Problem to solve: The data below should be retyped exactly, with the pictures left out.

Records from a data source:
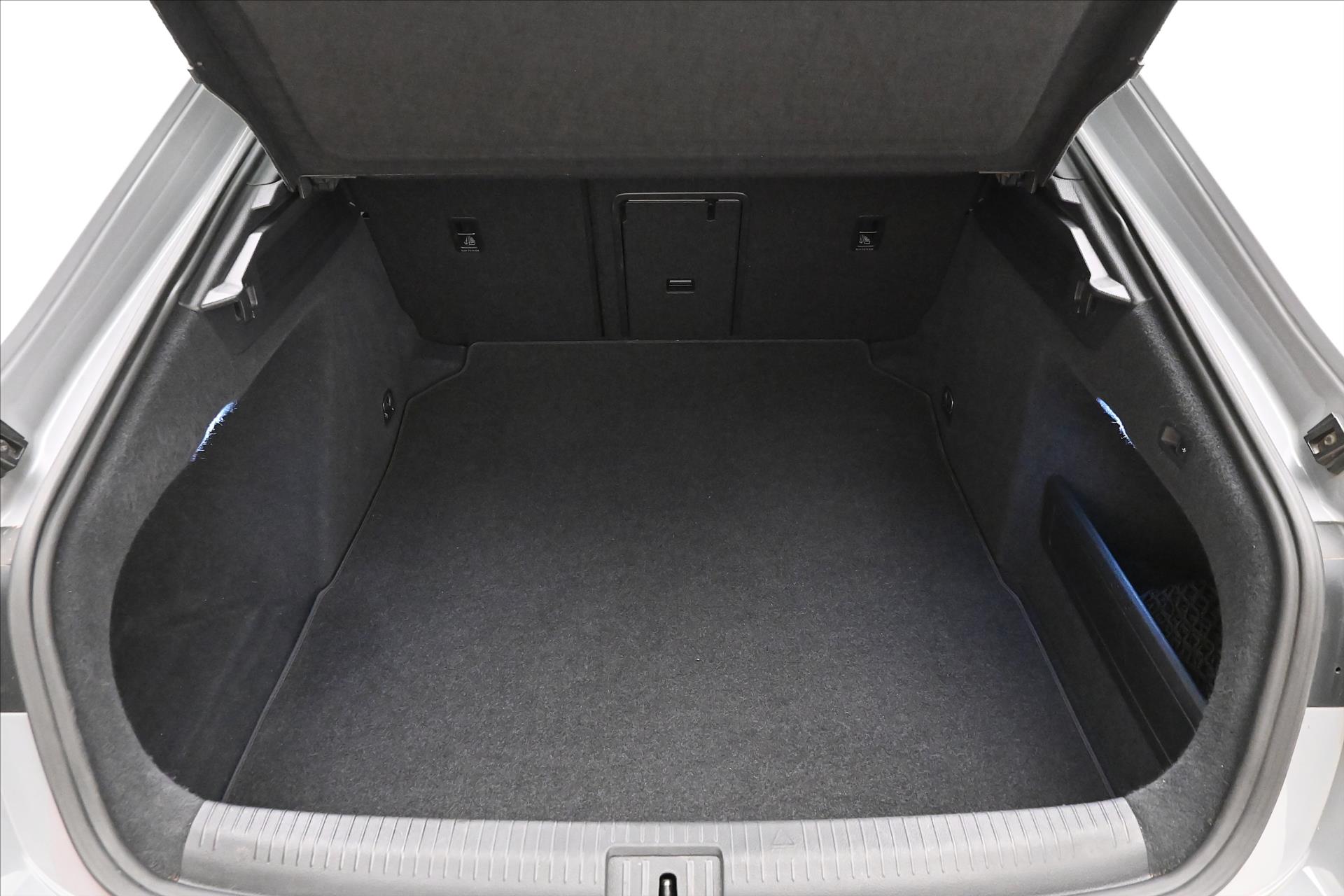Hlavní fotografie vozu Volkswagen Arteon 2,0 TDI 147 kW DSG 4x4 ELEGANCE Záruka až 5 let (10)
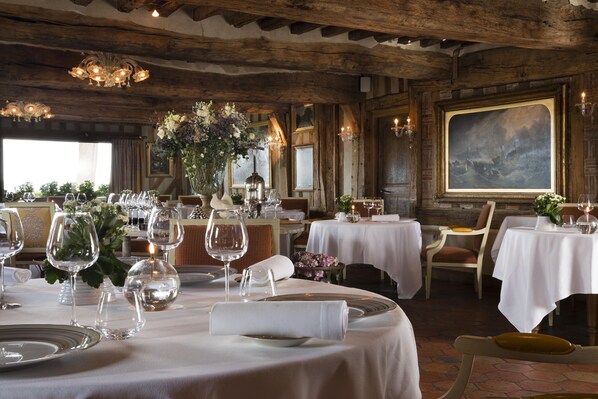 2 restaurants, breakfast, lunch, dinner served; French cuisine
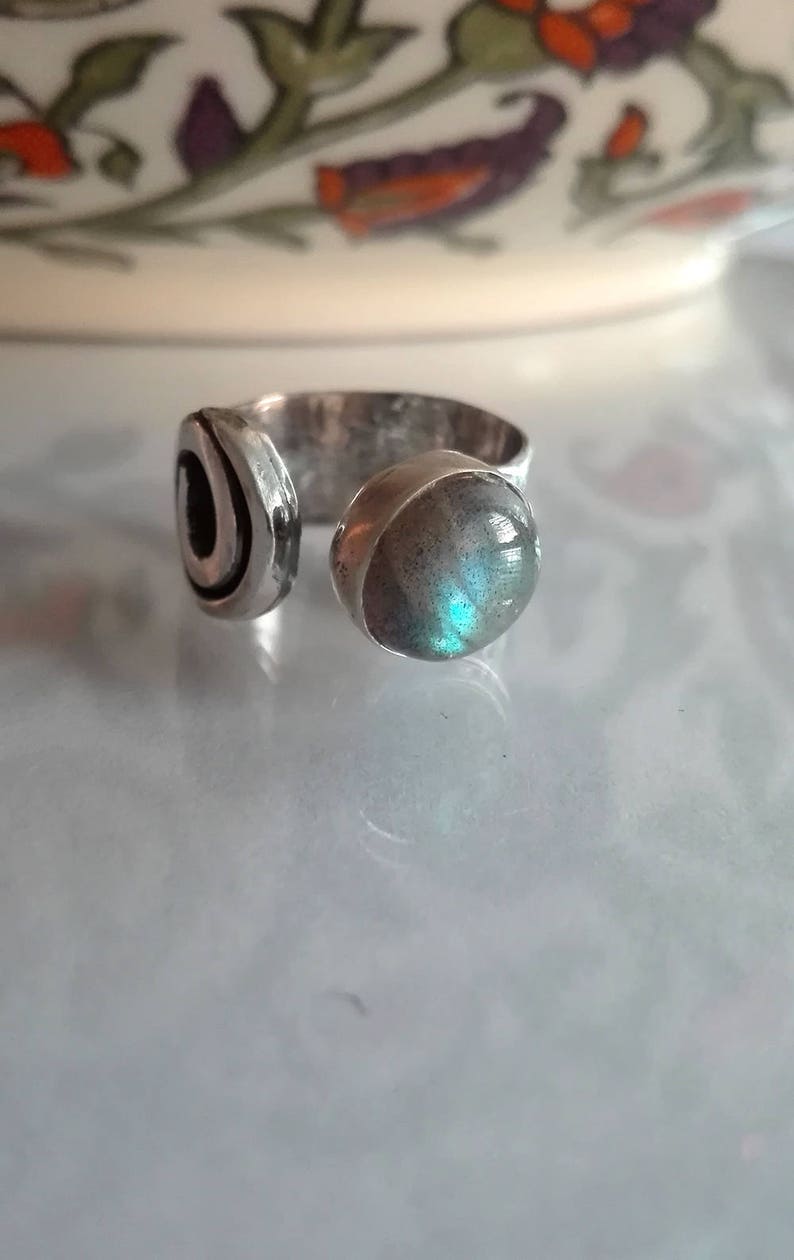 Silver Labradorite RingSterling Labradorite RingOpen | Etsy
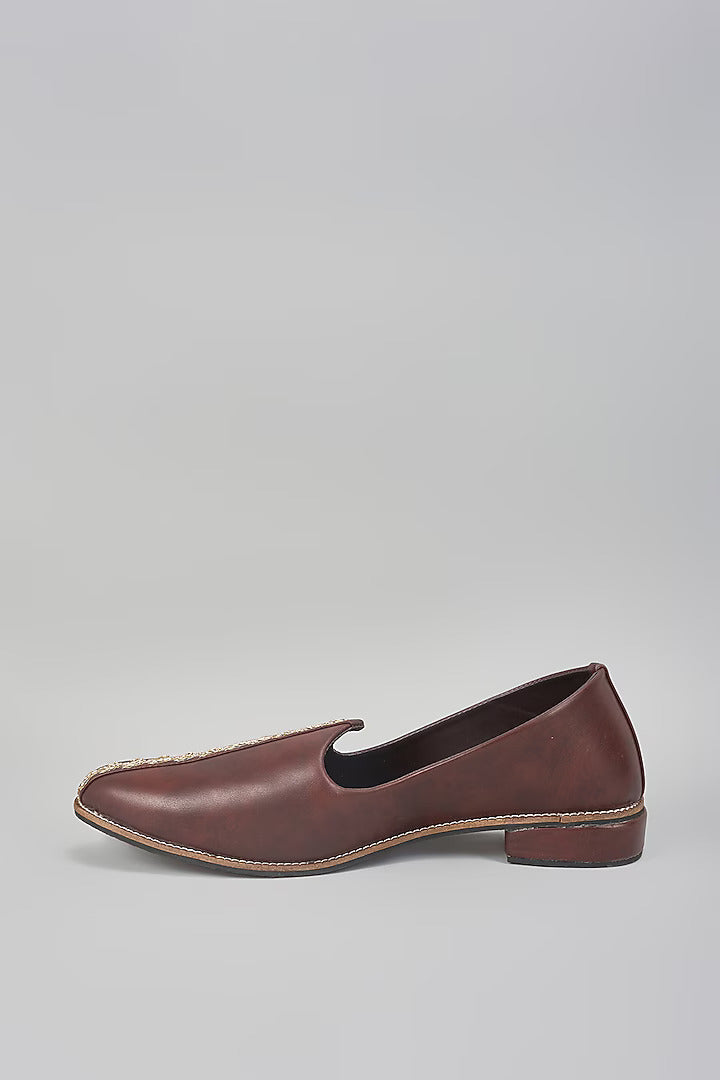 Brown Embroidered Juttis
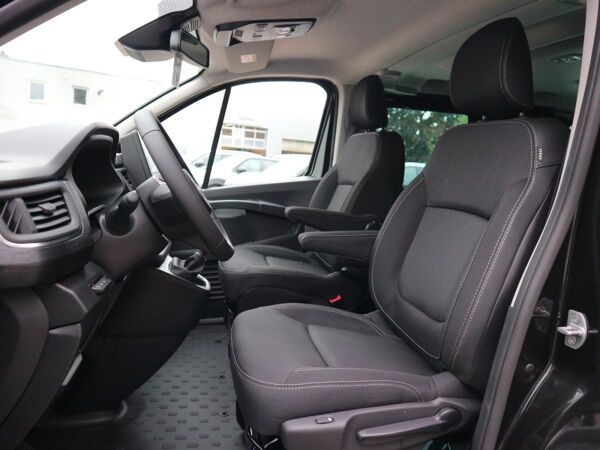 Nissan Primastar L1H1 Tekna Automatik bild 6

Output below:
Hlavní fotografie vozu Volkswagen Arteon 2,0 TDI 147 kW DSG 4x4 ELEGANCE Záruka až 5 let (10)
 2 restaurants, breakfast, lunch, dinner served; French cuisine
 Silver Labradorite RingSterling Labradorite RingOpen | Etsy
 Brown Embroidered Juttis
 Nissan Primastar L1H1 Tekna Automatik bild 6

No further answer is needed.